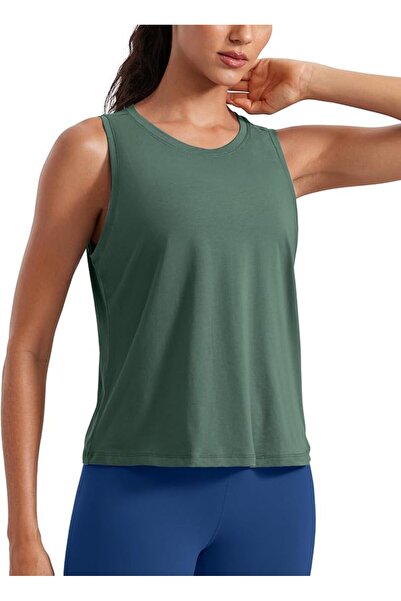 GENERAL C R Z Yoga High Neck Pima Cotton Sports Crop Tank Top Women Gym Worko...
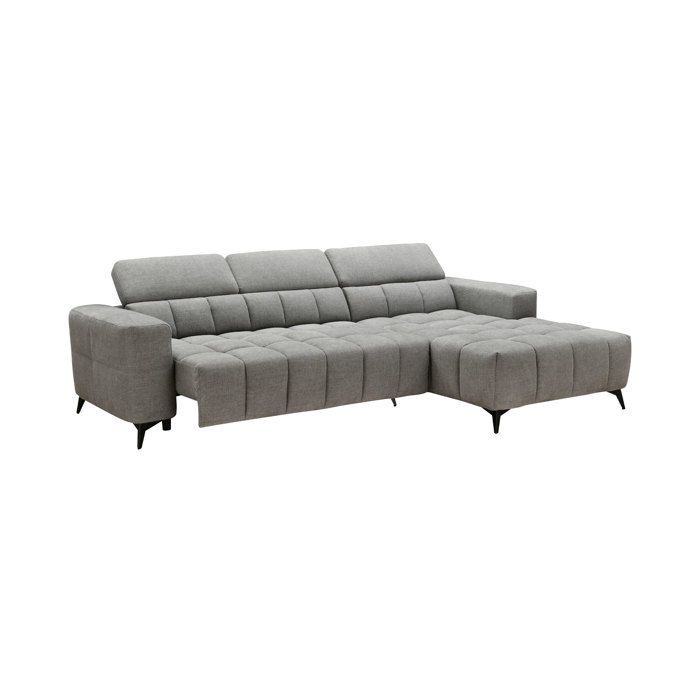 Canapé relax coulissant électrique d'angle droit 3 places gris clair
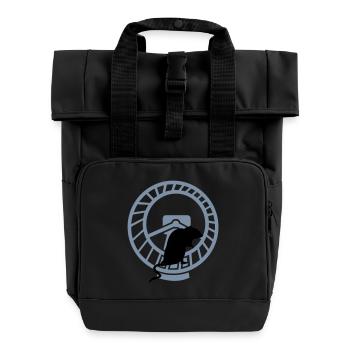 Ratte im Hamsterrad / rat in a wheel (2c) - Rolltop Rucksack mit zwei Griffen - Schwarz - Vorne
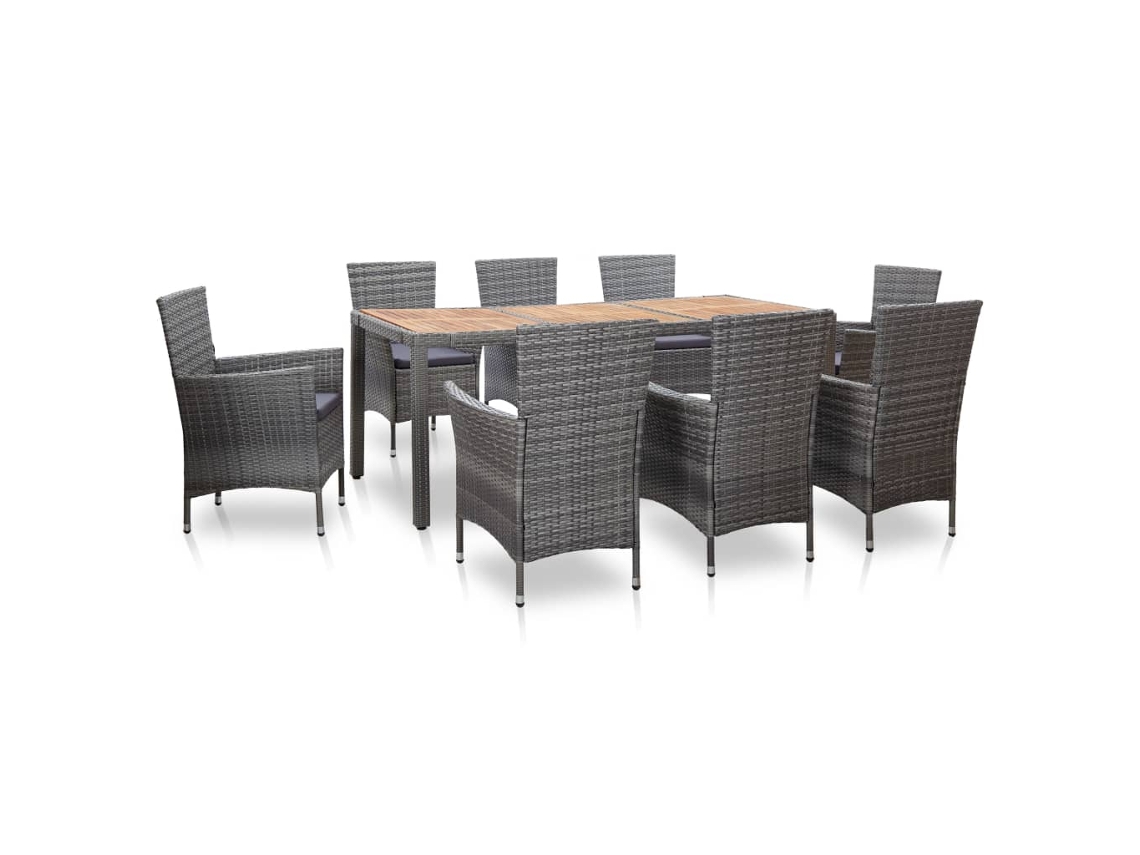 Vidaxl 9 Pcs Conjunto Jantar Exterior C/ Almofadões Vime Pe Cinzento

_Brief_
Look for the line that contains "Ratte im Hamsterrad", then please copy it and the rest of the lines through the end of the data, pictures excluded.

_Response area_
 Ratte im Hamsterrad / rat in a wheel (2c) - Rolltop Rucksack mit zwei Griffen - Schwarz - Vorne
 Vidaxl 9 Pcs Conjunto Jantar Exterior C/ Almofadões Vime Pe Cinzento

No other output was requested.